Increasing security for Single Page Applications
Gary Archer, Product marketing Engineer at Curity, gives us insights into User Experience (UX) and Security on web pages.
The internet age has ensured we are spoilt for choice with cutting-edge technology, web speed, and accessibility. With so many options available, fast and reliable web pages are expected for most users online. And why shouldn’t they be? If competitors can deliver a fast and responsive platform for users to access their products or services, then so can you.
Lagging web pages can be the source of mounting frustrations, customer dissatisfaction, a poor brand image, and for some, clicking off from the website altogether. The attention economy has made a frictionless online experience a requirement of modern internet usage. You can’t let your company fall at the first hurdle before customers have had a chance to look at what is on offer.
Single Page Applications (SPAs) have become the most popular way to create websites that feel faster for the end-user without hitting the server every time a user interacts with an application. The speed of a website is part of the best User Experience (UX). Developers have control over browser behavior and are responsible for improving UX. Using modern technologies such as React helps and leads to a good developer experience.

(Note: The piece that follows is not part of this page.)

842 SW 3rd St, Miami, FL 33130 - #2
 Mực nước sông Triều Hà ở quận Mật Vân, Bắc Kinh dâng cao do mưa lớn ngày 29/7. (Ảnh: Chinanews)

Shifting away from the traditional cookie-based approach, SPAs have no dedicated backend and instead use access tokens to call APIs on behalf of an authenticated user and return the relevant data. SPAs have played a pivotal role in improving the customer experience by ensuring that websites are highly responsive to end-user actions. However, the shift from handling authorization with cookies to access tokens has severe security implications.
First and foremost, the frontend code operates in an insecure environment: a user’s browser. SPAs often possess a refresh token that grants offline access to a user’s resources and can obtain new access tokens without interaction from the user. As these credentials are readable by the SPA, they are vulnerable to Cross-Site Scripting (XSS) attacks, which can have dangerous repercussions – with attackers gaining access to users’ personal data and functionalities not normally accessible through the user interface. As the online data pool grows and hackers become more sophisticated, security must be taken seriously to protect customers’ information and businesses’ reputations.
However, designing security solutions for SPAs is no easy feat. As well as the strongest browser security and simple and reliable code, software developers must consider delivering the best user experience – wrapping all this into a solution that can be deployed anywhere. The SPA’s web content can be deployed to many global locations via a Content Delivery Network (CDN). Web content is then reasonably close geographically to all users so that web downloads are faster.
The current best practice is for SPAs to protect tokens from malicious code. There are other ways to do this, but using tokens in the browser is perceived as less secure. Tokens can be protected by adding a backend component to handle tokens and issue secure cookies to the frontend – often referred to as a Backend for Frontend (BFF) approach.
Many developers use website stacks with a ‘web backend’ that both serves static content and writes secure cookies – which, in principle, solves the security problem. However, website stacks simply aren’t designed for the separation of Web and API concerns that SPAs are characterized by.
The Token Handler Pattern is a modern evolution of BFF, where OpenID Connect security is implemented in an API-driven manner. Using this approach, all communication from the SPA to the Authorisation Server goes through the token handler.
This eliminates the need for tokens to reach the SPA, with the token handler instead issuing session cookies to the SPA. The cookies are used during requests to APIs and are exchanged for an access token, preferably by a dedicated plugin in the API gateway, so that the API code is kept simple. As the token handler code is not available in the browser, it can act as a confidential client for the SPA, further increasing the security of token issuance.
The result? The Token Handler Pattern provides SPAs with a level of security similar to regular web apps without the need for a cumbersome backend to process it. This provides peace of mind while maintaining the all-important customer experience benefits that SPAs are cherished for. And the token handler approach is really flexible: implementation can be stateful or stateless, with the option of token handler components being deployed in different ways to suit individual websites.
Users will not accept sluggish web pages in this day and age. We have established that speed is super important in staying competitive online. However, it should never be prioritized ahead of security. When users entrust businesses with protected personal information, they expect their data to be protected in the best way possible. With no current method for browsers to store tokens securely, it is best for them to be left out of browsers altogether for the time being. Cookies and sessions must be brought back, but we must do this in a more dynamic way – which is precisely what the Token Handler Pattern brings to the table. Technology develops rapidly, but this is the best solution at our disposal until our browsers can become more secure.